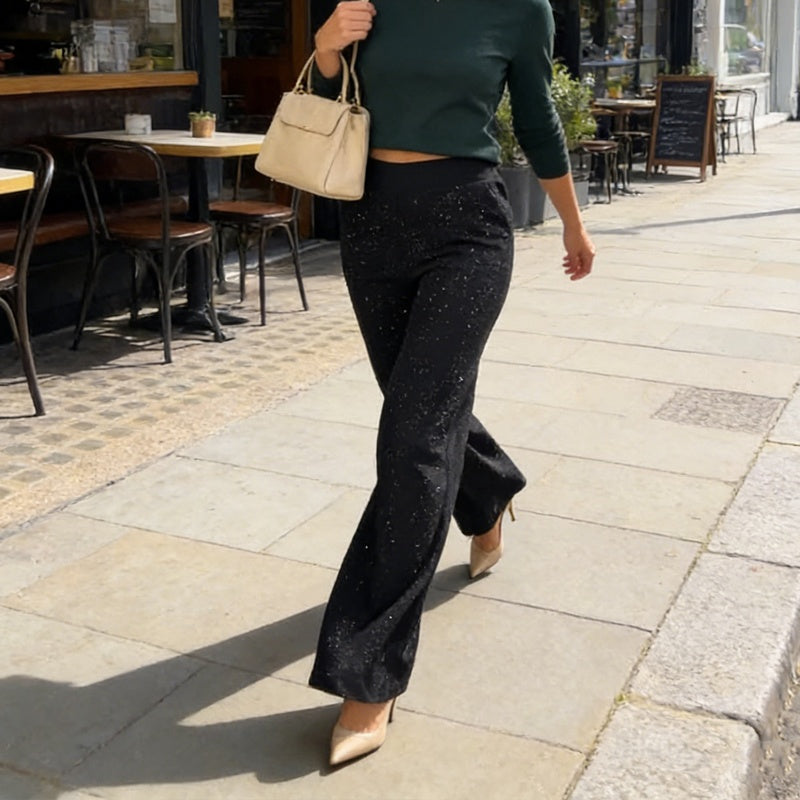 A pair of high-waist glitter straight-leg trousers by Arenzza, featuring a shiny, sparkly fabric and a tailored fit on a hanger.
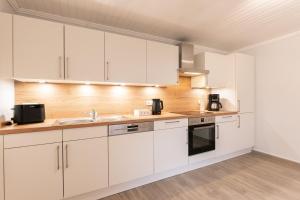 a kitchen with white cabinets and a sink at Ferienwohnung Lüttje Huus 35227 in Neuemoor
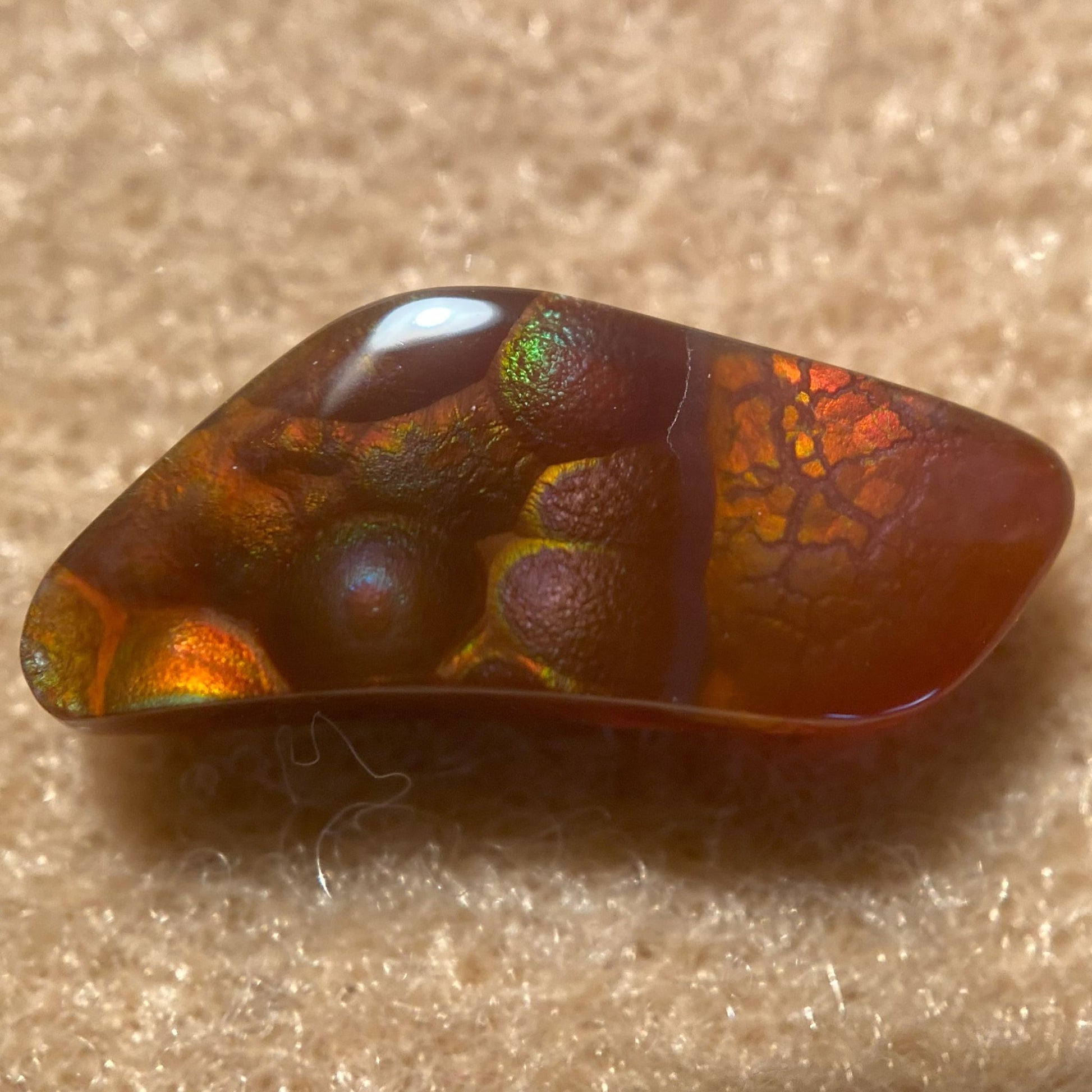 Polished Fire Agate Gemstone with iridescent colors on a beige background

### Task brief
Return the listing verbatim; pictures are not part of the copy.

### Task result
 A pair of high-waist glitter straight-leg trousers by Arenzza, featuring a shiny, sparkly fabric and a tailored fit on a hanger.
 a kitchen with white cabinets and a sink at Ferienwohnung Lüttje Huus 35227 in Neuemoor
 Polished Fire Agate Gemstone with iridescent colors on a beige background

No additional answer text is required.